Casavantes tells his students to study Harvey's mastery of pacing, inflection and delivery. Because of Harvey's style, Casavantes ranks him among great commentators like the late Edward R. Murrow, Howard K. Smith and Eric Sevareid.

'Beloved huckster'

People love to criticize his conservativism, but "he's tame compared to some of the shock jocks making a living on AM radio," says William Drummond, a professor of journalism at the University of California, Berkeley.

Some have called him "America's most beloved huckster" because he seamlessly moves from news to pitching products, from dietary supplements to vacuums to adjustable beds.

But, in Harvey's defense, it's not offensive, Drummond says.

"He's a character," Drummond says. "Everyone knows he is going to be selling insurance or something."

Harvey says he never promotes products he doesn't believe in and turns down 10 for every one he accepts.

Keeping pace

Harvey's news commentaries over the years have ranged from politics to pop culture, from Winston Churchill to Puff Daddy.

"My biggest challenge is to keep intellectually articulate and pliable enough to adapt to and accept inevitable change," Harvey says. "I may not enjoy rap music, but I need to know about it and its function if I am going to deal with contemporary news."

An issue rarely stumps him. But these days he doesn't know what to do to stop school violence. "I'd like to offer some profound recommendation, but I don't know what."

Harvey used to be unchallenged as radio's top-ranked conservative, until an edgier radio personality, Limbaugh, started giving him competition with a virulent strain of what many consider near-hate politics. Harvey has not changed his style in response.

Robert Gunnison, of the Graduate School of Journalism at UC-Berkeley, says Harvey "doesn't live up to his conservative stereotype; he seems far more moderate."

Indeed, besides predictable conservative viewpoints, Harvey has had his share of liberal stands: support for the women's Equal Rights Amendment, for gay rights and abortion choice, and opposition to the Vietnam War.

Harvey sometimes takes heat from listeners who don't agree with him, as when he recently proclaimed that "Jesse Jackson has gone out of style."

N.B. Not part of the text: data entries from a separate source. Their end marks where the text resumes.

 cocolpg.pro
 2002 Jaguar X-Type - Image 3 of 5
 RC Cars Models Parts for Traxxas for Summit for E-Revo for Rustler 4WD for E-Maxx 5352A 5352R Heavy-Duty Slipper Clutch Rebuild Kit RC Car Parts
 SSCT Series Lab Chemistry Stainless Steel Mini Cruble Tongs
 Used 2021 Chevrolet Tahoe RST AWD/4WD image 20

His commentaries are unabashedly pro law enforcement, perhaps because his father was a lawman who died in the line of duty when Harvey was 3 years old.

If he is moderate on some issues, it often is because his wife suggests that he not kick a leader when he or she is down and that he consider the changing cultural context of issues.

Wife has key role

You can't talk about Harvey's success without mentioning his wife of 60 years, Lynne "Angel" Harvey. Although he has the voice that America knows, she has directed his career since he made $29 a week. She was his producer starting in the 1940s when it was unusual for women to be in broadcasting.

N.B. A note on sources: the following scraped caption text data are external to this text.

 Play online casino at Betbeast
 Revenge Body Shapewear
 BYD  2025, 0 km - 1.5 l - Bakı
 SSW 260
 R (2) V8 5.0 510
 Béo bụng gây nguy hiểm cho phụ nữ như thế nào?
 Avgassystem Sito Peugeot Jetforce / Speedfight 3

Concerned about the Phoenix area's unbridled growth, she sometimes chides him to talk on the radio about Arizona's scorpions and snakes instead of bragging on the warm winter weather and beautiful sunsets.

For sentimental reasons, they still own the car she drove the day they met: a 1938 Nash Lafayette coupe. They act like newlyweds in each other's company, and that is the way it has always been, says Russell Stamm, a 55-year-old Phoenix businessman who has known the Harveys all his life. Their families are close friends from Chicago. Stamm also is a good friend of their son, Paul Harvey Aurandt Jr., who writes "The Rest of the Story."

"Harvey loves the west and everything western," Stamm says. "Sometimes Paul puts on his cowboy hat and takes his Ferrari convertible out for a drive in the desert or around Phoenix."

Will Harvey ever retire?

"I don't know what I'd do if I really retired," he says. "Playing golf the way I do would be sheer torture."

Whatever he does, Harvey says he isn't interested in being among those who "walk old, talk old and think old."